The government is investing tens of thousands of dollars into a pilot project that could finally give local ranchers a competitive edge.
The U.S. Department of Agriculture recently awarded Curry County $50,000 to write a business plan for a USDA-approved meat-packing plant.
Early stage plans call for a mobile unit that would drive to a rancher's location for small-scale butchering.
Presently only three USDA meat facilities operate in Oregon, said Susan Brown, executive director of Curry County Economic & Community Development.
Many ranchers sell meat on the hoof to processors out of state for a low return.
"They should be able to get more dollar per pound ... rather than ship (them alive) as far as Denver and even Virginia," Brown said.
Although it's a Curry County project, its impact will be regional.
"Coos County is definitely going to benefit," Brown she said.
Officials and local industry leaders view a USDA processor as key to strengthening the local food system.

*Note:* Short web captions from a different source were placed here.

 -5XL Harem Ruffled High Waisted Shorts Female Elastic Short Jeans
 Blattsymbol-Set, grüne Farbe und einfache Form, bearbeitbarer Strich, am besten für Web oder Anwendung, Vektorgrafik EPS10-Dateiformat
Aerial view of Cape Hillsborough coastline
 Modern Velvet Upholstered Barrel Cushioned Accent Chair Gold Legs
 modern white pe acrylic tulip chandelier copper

Curry County has more than 250 family farms.
"We have discovered the majority of our food products are leaving our region, taking valuable dollars with them," says a press release from Curry County Economic & Community Development.
The project, which is also being funded with a $45,000 local matching grant, will identify supply and demand and develop a marketing plan to sell and distribute products.

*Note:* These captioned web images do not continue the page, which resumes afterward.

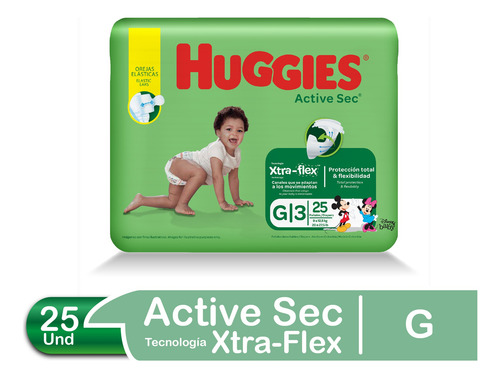 Imagen 1 de 3 de Pañales Para Bebé Huggies Active Sec Talla G 25 Und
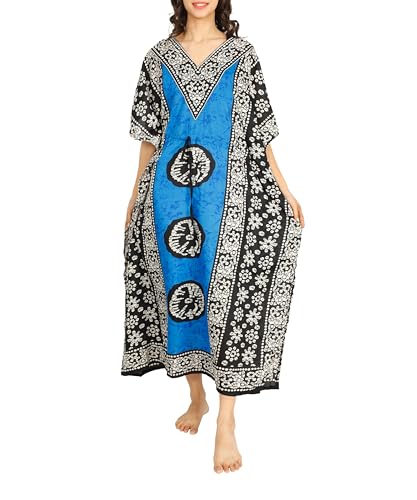 Tengru ELKAF-BLUE Ladies Kaftans Tunic Kimono Maxi Women Dashiki African Caftan Plus Size Lounge Girls Kimono cover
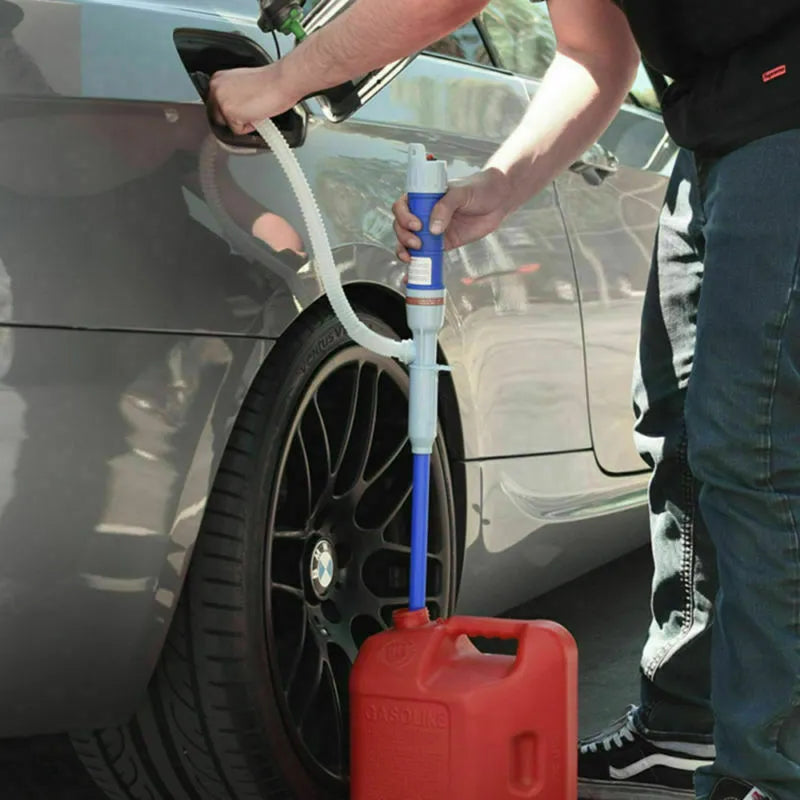 Manual siphon hand pump for fuel oil gasoline transfer in blue or red PP material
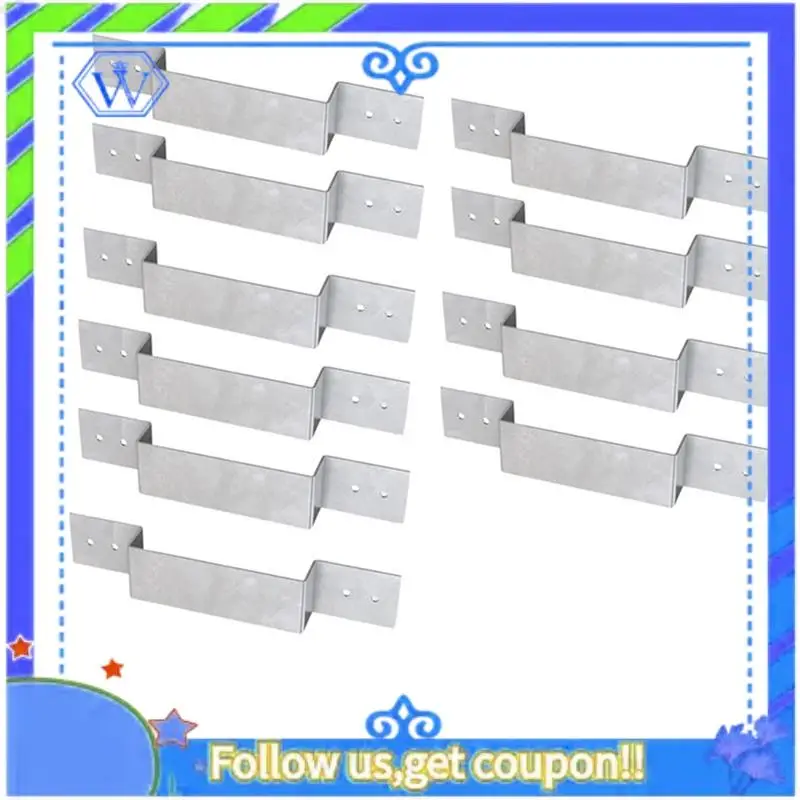 

10 Piece Fence Panel Clips Fence Post Safety Bracket Galvanized Fence Clip Silver Metal For 100Mm/4Inch Post Fence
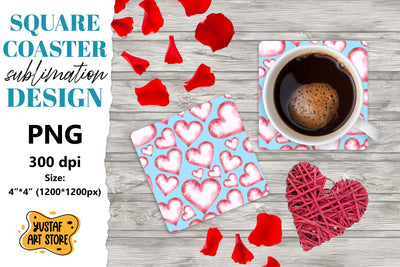 Valentine square coaster design. Watercolor heart coaster Sublimation Yustaf Art Store 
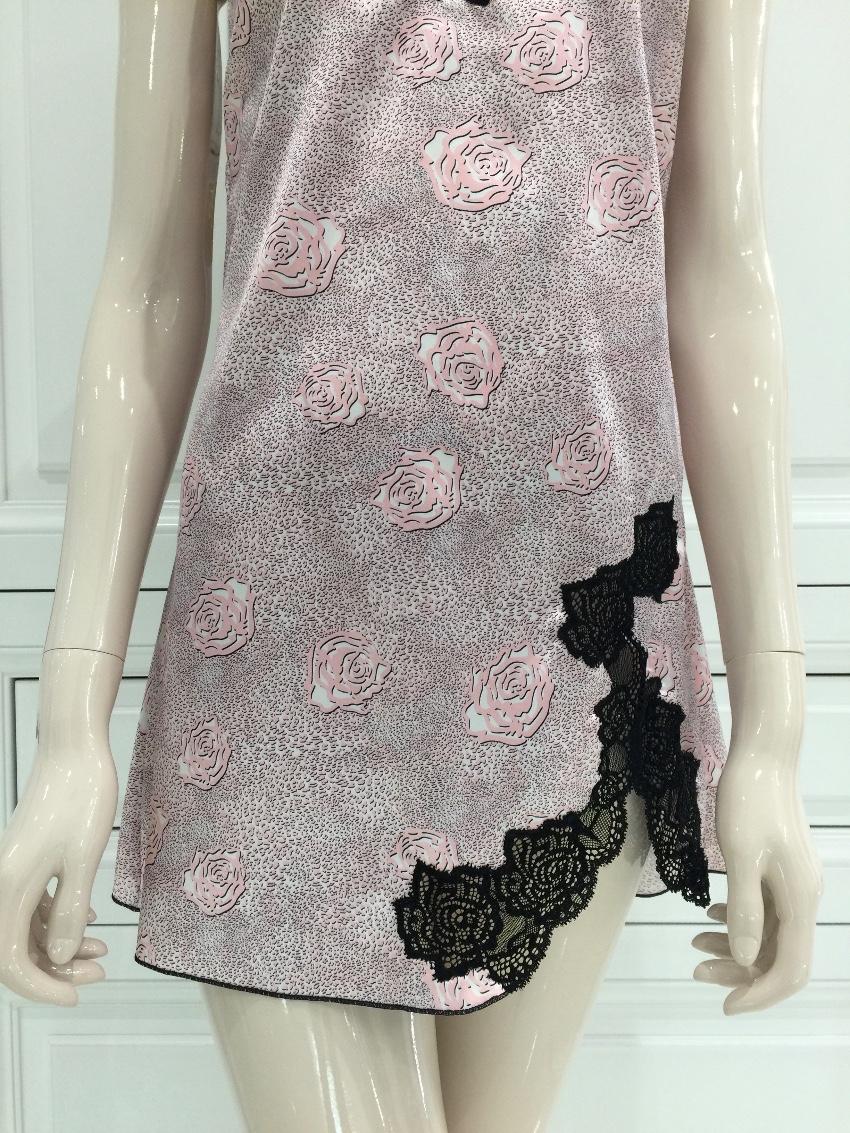 Cotton Club Couture Rose Satin & Leavers Lace Chemise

The idea is to create a business model that can be replicated in rural communities throughout the nation, Brown said.
She said early estimates for a mobile unit peg the cost at around $400,000. A brick-and-motor facility would cost between $1 and $2 million.
Money would come from private investment.
Several mobile slaughtering facilities operate locally, but they are only state-approved. A USDA plant would allow ranchers to sell to regional markets, restaurants and other re-sellers, while creating jobs.
"We're talking family-wage jobs," she said.